Jean-Louis Trintignant (here dubbed into Italian) is a hard-boiled actor (!). Arriving at a night club to meet the proprietor, he instead finds the man dead, and the luscious Ewa Aulin standing over the corpse, protesting her innocence. Trintingnant believes her, and decides to help her out. The quest for the truth leads them though a series of encounters with various aspects of London nightlife and lowlife, 1967 vintage.
This early Tinto Brass effort is nominally a thriller, though, as he himself points out on the commentary track, the film is only vaguely interested in its thriller aspects. The big influence here is Antonioni’s Blow Up, which is name-checked a couple of times. Deadly Sweet has the same kind of meandering plot and love of lingering over various examples of Swinging London counterculture. The other guiding muse is comic book artist Guido Crepax, and Brass mimics comic panels with multiple split screens, shifts between colour and black-and-white, and the like.

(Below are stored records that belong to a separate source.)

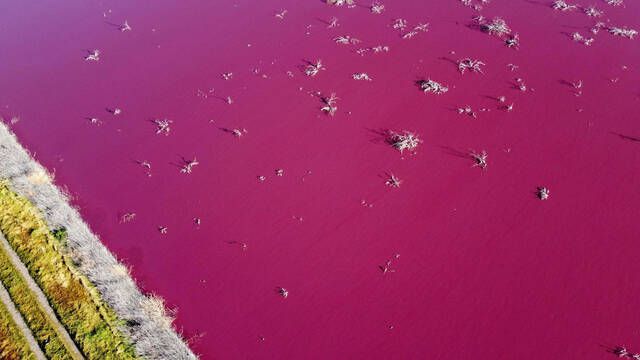 La contaminacin provoca que un lago de Argentina se vuelva de color rosa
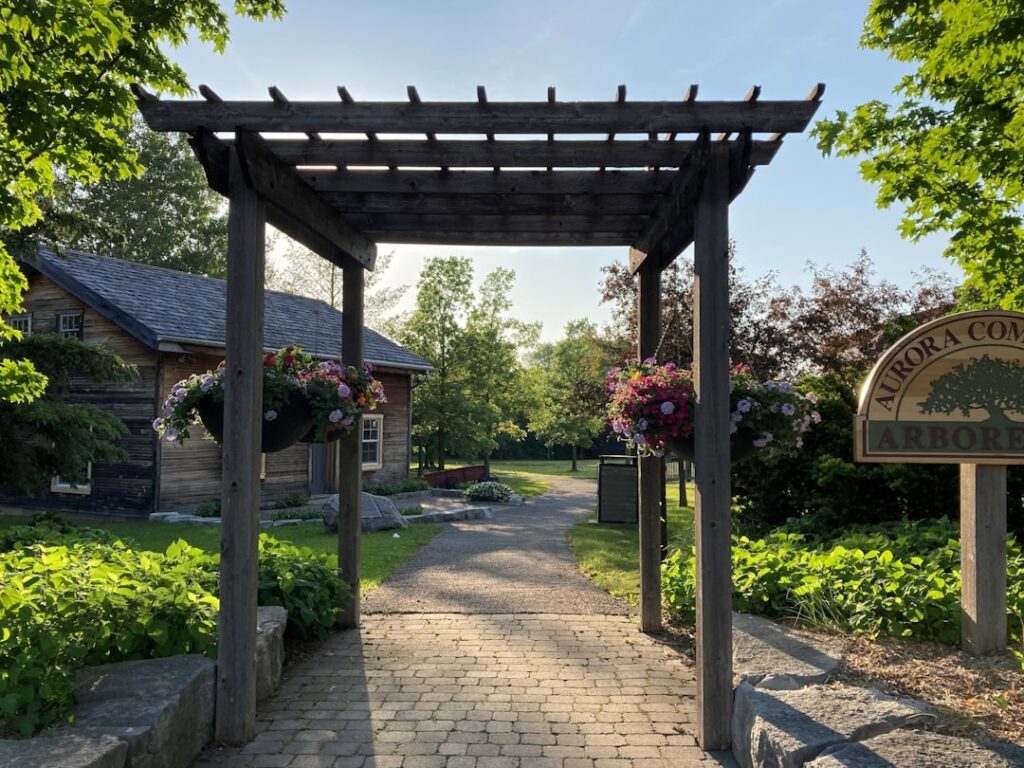 Where to Put a Pergola in Your Yard: A Placement Guide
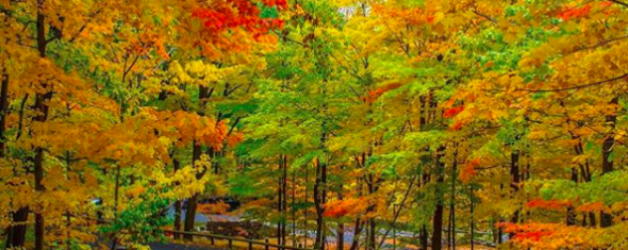 The CarGurus Guide to Leaf Peeping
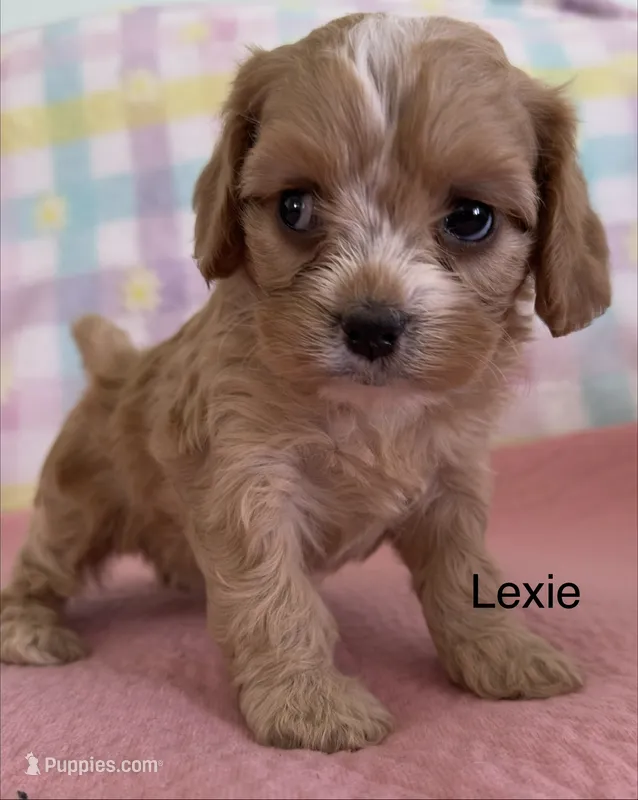 Lexie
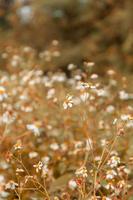 Vintage style summer flower background photo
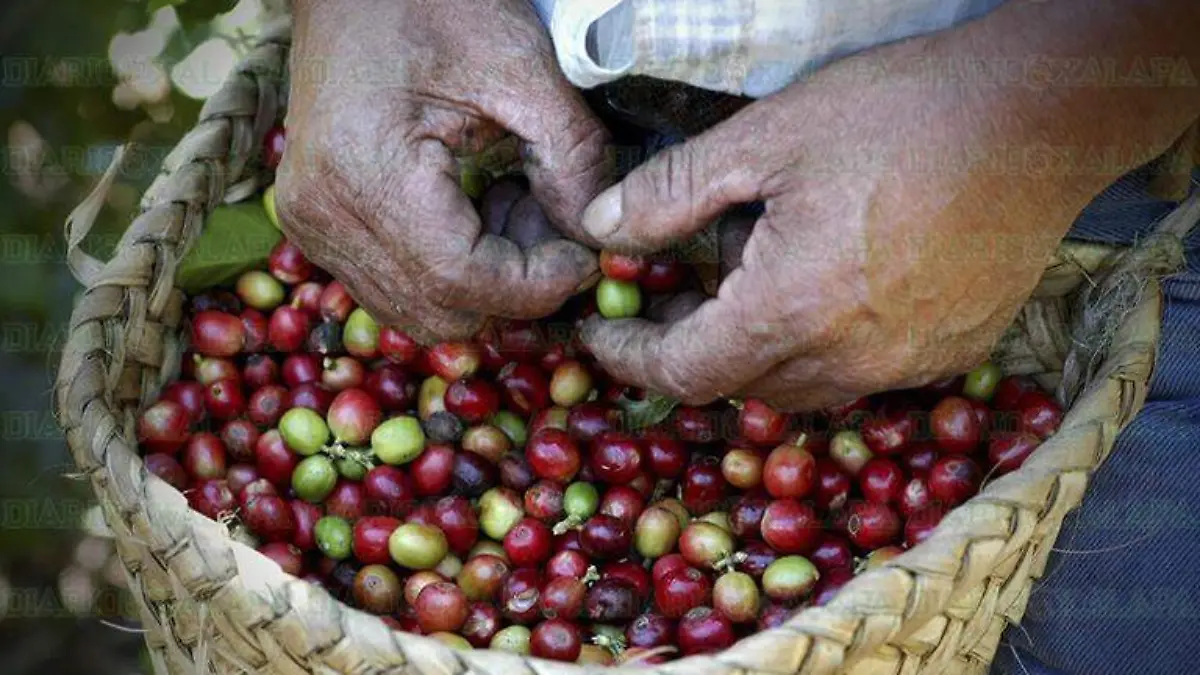 Campesino revisando su café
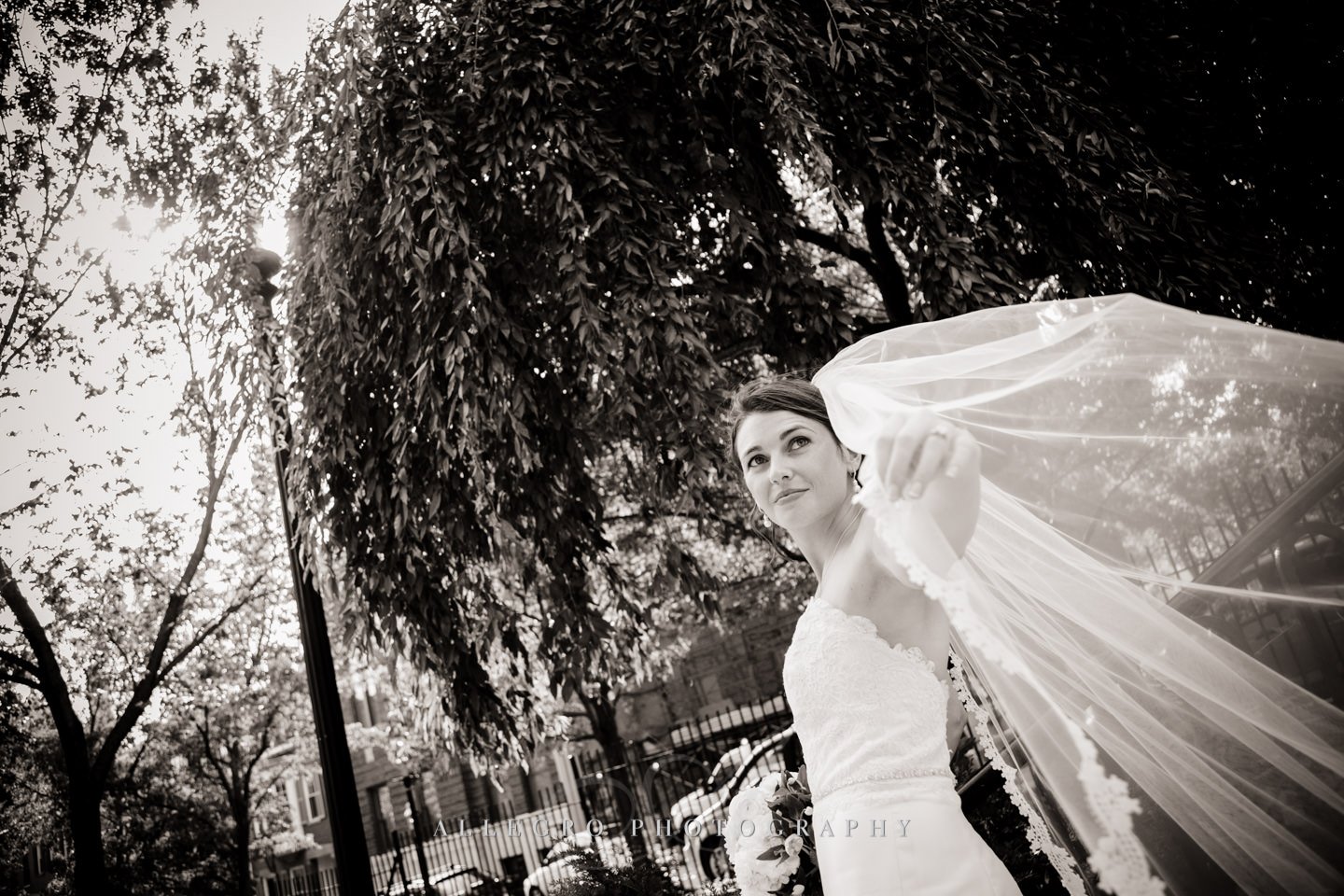 bride with veil photo by Allegro Photography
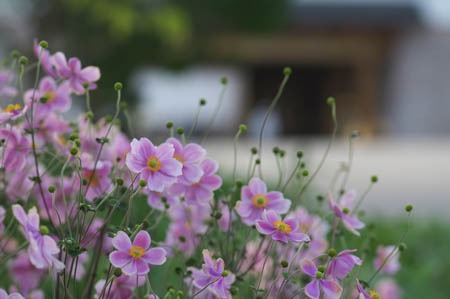 Japanese anemone (4).jpg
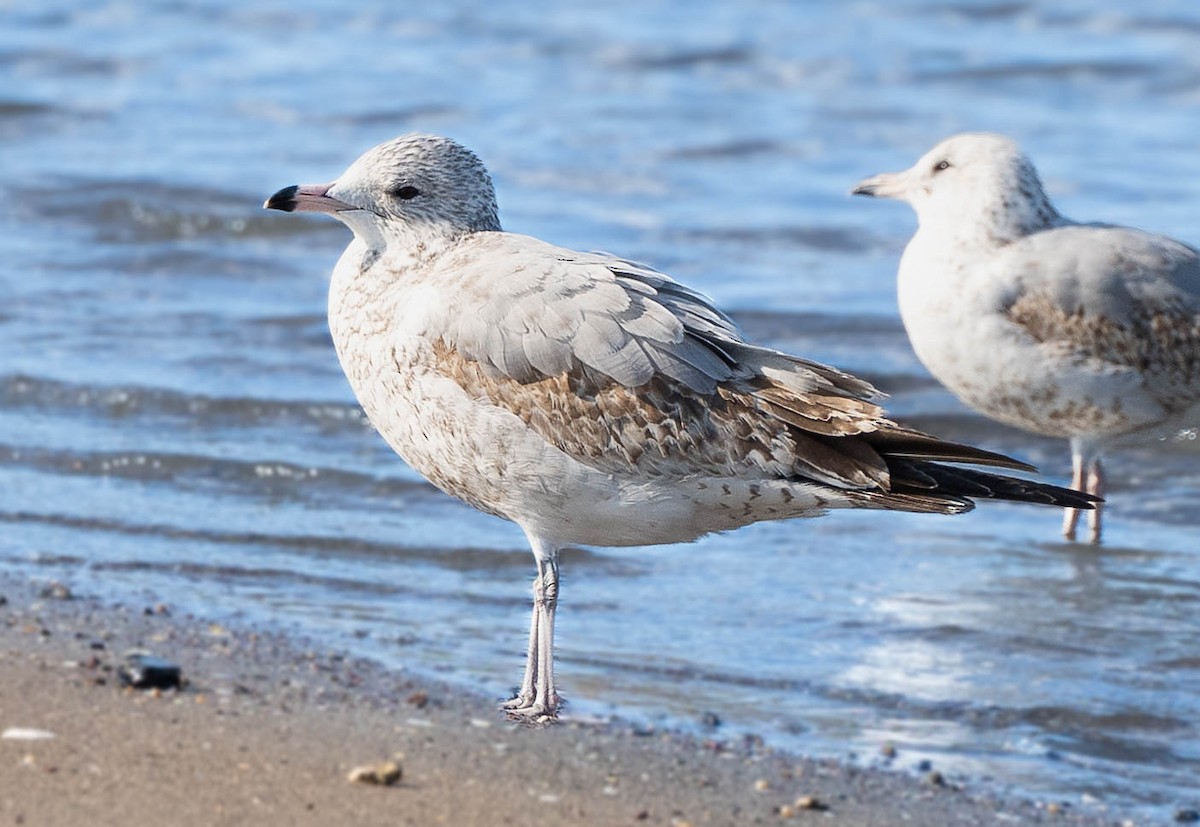 Ring-billed Gull - ML645118451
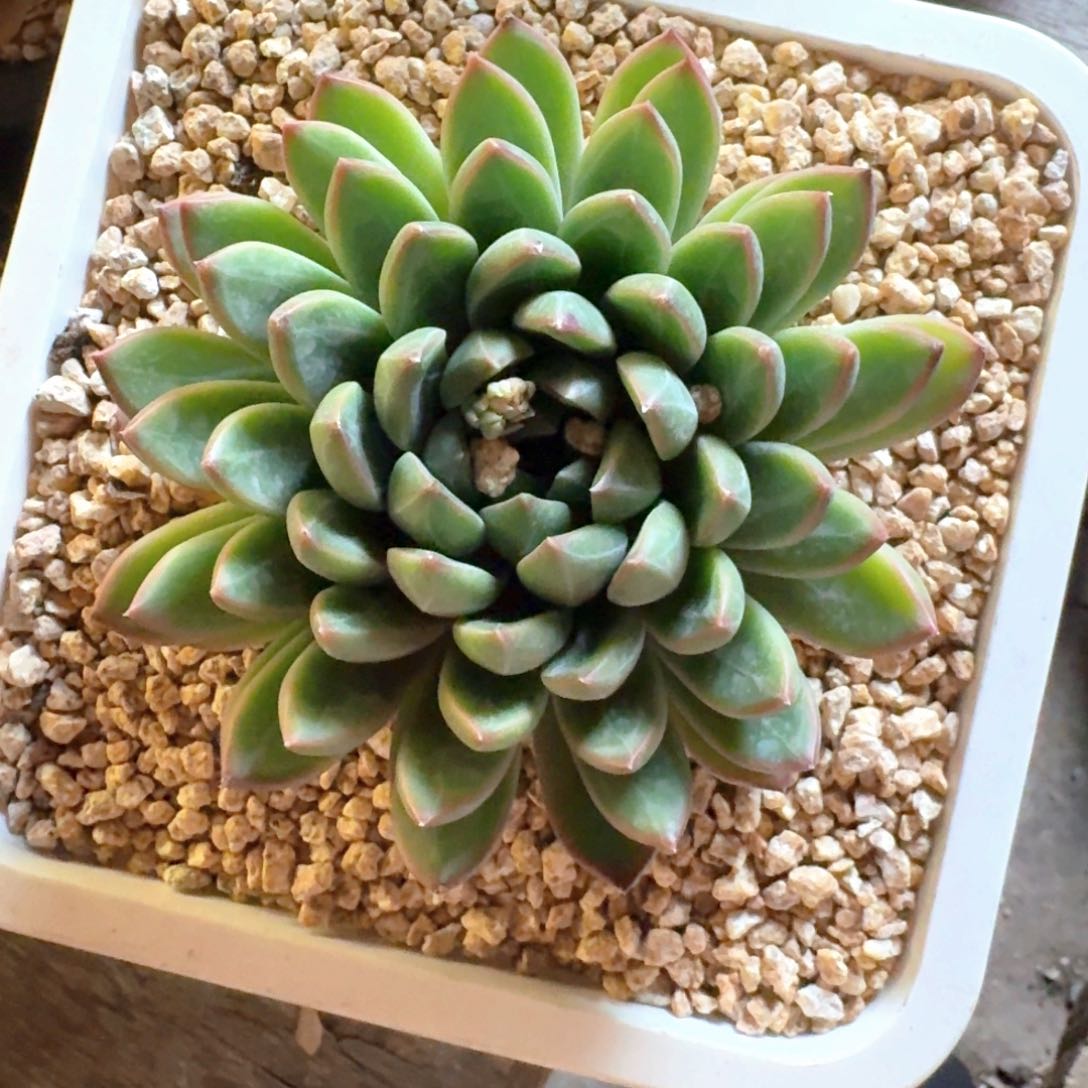 专拍链接多肉精品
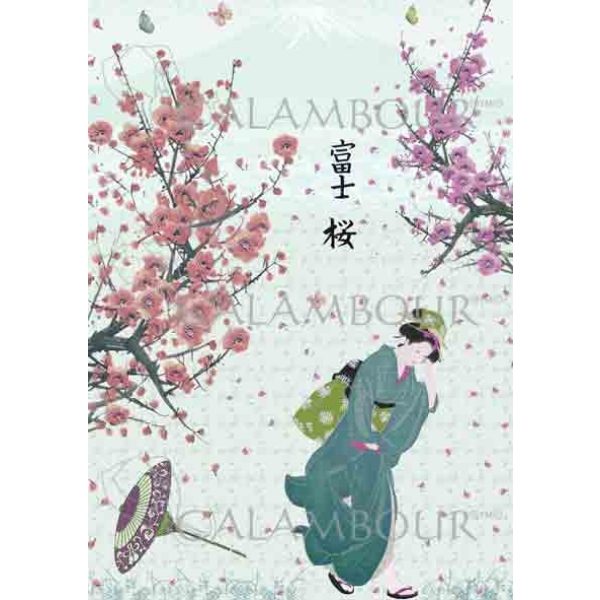 Papel de Arroz 30,4x45 TCR19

It is an open question whether all of these games work at a cinematic level, but they are certainly visually interesting. The films is, like so many of its contemporaries, self-indulgent, but in a rather endearing way. For my money, it’s a more engaging viewing experience than many of the erotica exercises from the director’s mature period.
One quick note: the running time indicated on the case is 105 minutes. In fact, it is 99.
Video
The 1.85:1 anamorphic widescreen transfer looks quite youthful. There is some digital grain and pixellation in some of the darker scenes, especially those saturated in red lighting, but the print itself is very fine. The colours and contrasts are strong, as are the blacks, and the black-and-white tones look very good. Print grain is almost non-existent (except where deliberately employed), and there is no edge enhancement to speak of.
Audio
The soundtrack is the original mono, and a pretty snazzy mono it is. Sure, there are the usual post-sync oddities, but that has nothing to do with the transfer. What really stands out is the psychedelically groovy rock score, which pounds out pretty nicely indeed.
Commentary Track: Tinto Brass is quite articulate here on what he was trying to achieve with the film. He is fully aware that this was a youthful, experimental piece, and he seems quite fond of it for that very reason. He comes across as a man with a very deep love of his medium.
Special Features
Lobby Card Gallery.
Trailer.
Final Thoughts
A nice package of what might be, for this reviewer, the most fun of all the Tinto Brass films released thus far. But if ever a film cried out for an accompanying CD soundtrack, this is it.